This is as far as he can go. Nine years after the worst nuclear disaster since Chernobyl, the street lined by the trees is still uninhabitable. Other neighborhoods deemed safe now have only a fraction of their former population. “Some elderly people have returned home, but their children and grandchildren have refused to do so because of radiation concerns,” says Watanabe, who oversees renewable energy in the region as director of Fukushima Electric Power Co. Ltd.

Japan is preparing for the 2020 Summer Olympics with a pledge to host the first games powered entirely with renewable energy, and it would like nothing more than to put the legacy of the nuclear disaster behind it. But revived cherry blossoms and a foray into solar in Fukushima mask an unsettling truth: Coal has become a crutch here, severely limiting Japan’s ability to combat global warming.

The tragic events of March 11, 2011, are the single biggest reason for the smudgy stain on a country that used to lead on climate change. Fifty-four nuclear reactors once supplied almost a third of Japan’s electricity, free from greenhouse-gas emissions. That gave Japan an enviable profile among wealthy nations. The massive earthquake and tsunami triggered meltdowns at three reactors operated by Tokyo Electric Power Co. Holdings Inc. (Tepco), forcing the country to slam the brakes on nuclear energy. Today, 24 of Japan’s 33 operable reactors remain offline.

The government ramped up its push toward renewable energy in the aftermath of the disaster—just not nearly as much as it cultivated coal projects. The dirty fuel was seen as the fastest, cheapest and most reliable way keep the lights on. A return to coal has left Japan with long-term climate goals that are unambitious—and increasingly, the subject of international censure.

Electricity generation is now responsible for almost 40% of Japan’s emissions and the amount of CO₂ generated by that electricity, per kWh, is high compared to many other developed countries.

That makes it hard for Japan to pull its weight in global efforts to limit warming temperatures, since decarbonizing economies need to shift high-polluting sectors such as transport and manufacturing into clean power. Japan aims to cut total emissions 26% by 2030 from 2013 levels, yet even that modest goal lies in the shadow of Fukushima. By switching off its nuclear capacity nine years ago, Japan set a high level of emissions against which it now measures climate progress.

Renewable energy from wind, solar and hydro is projected to make up less than a quarter of Japan’s total electricity by 2030, far below the global average.

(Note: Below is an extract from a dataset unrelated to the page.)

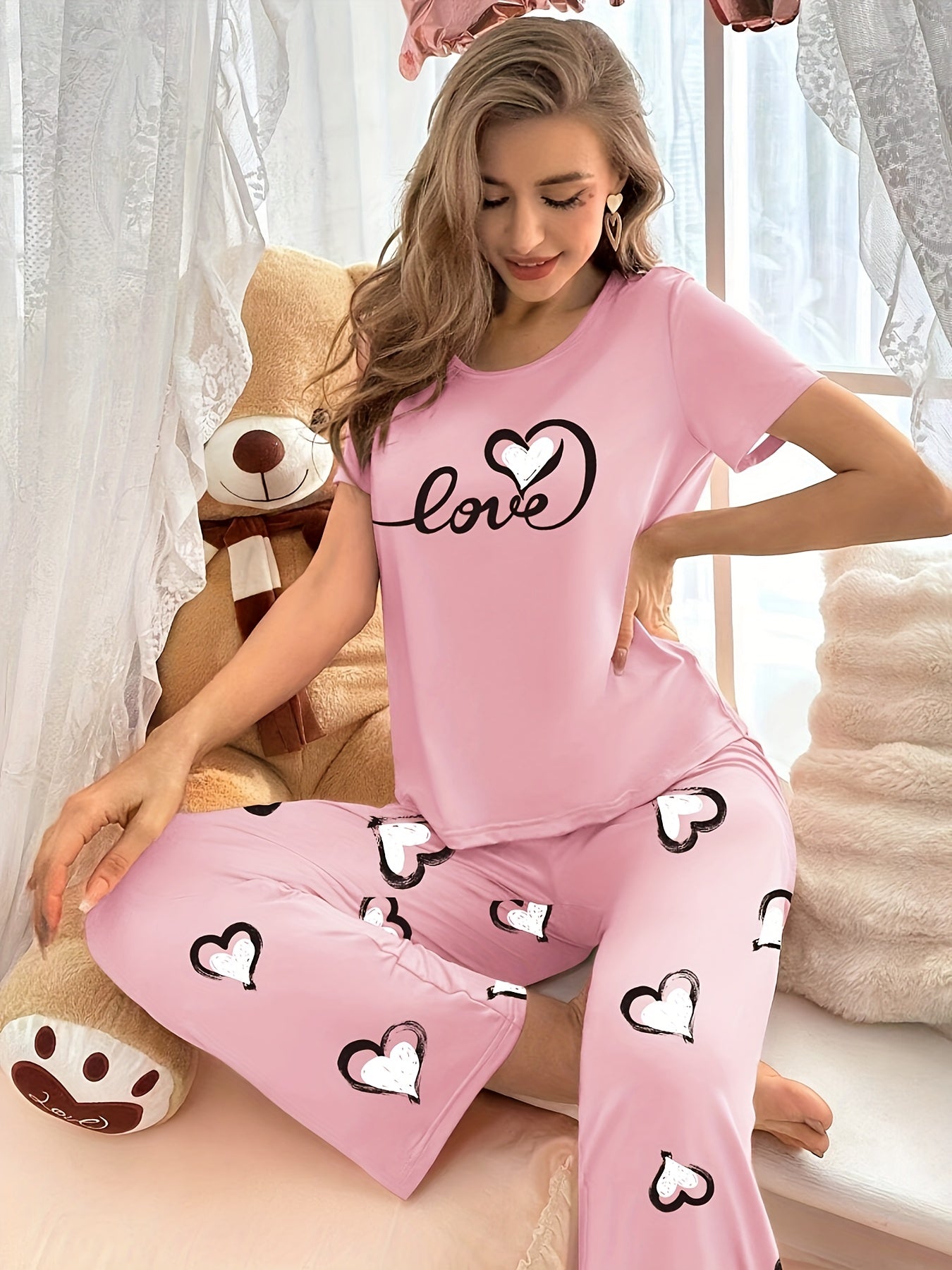 Heart & Letter Printed Womens Pajama Set - Soft, Short Sleeve Nightwear with Round Neck & Elastic Waist Pants - Comfy, Casual Sleep Style for Sweet Dreams - LuxyXO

Roughly the same amount is projected to come from zero-emission nuclear sources, but only if the government is able to convince the public that it’s safe to restart additional  reactors. Even under optimistic scenarios for the next decade, more than half the Japan’s electricity will come from coal, natural gas and other fossil fuels.

Then there are exports: Japan continues to aggressively shop its coal-fired power technology abroad in nations such as Vietnam, Indonesia and Bangladesh. It’s not just a profitable decision, as Japan’s energy elite see it, but a virtuous act that’s good for the planet.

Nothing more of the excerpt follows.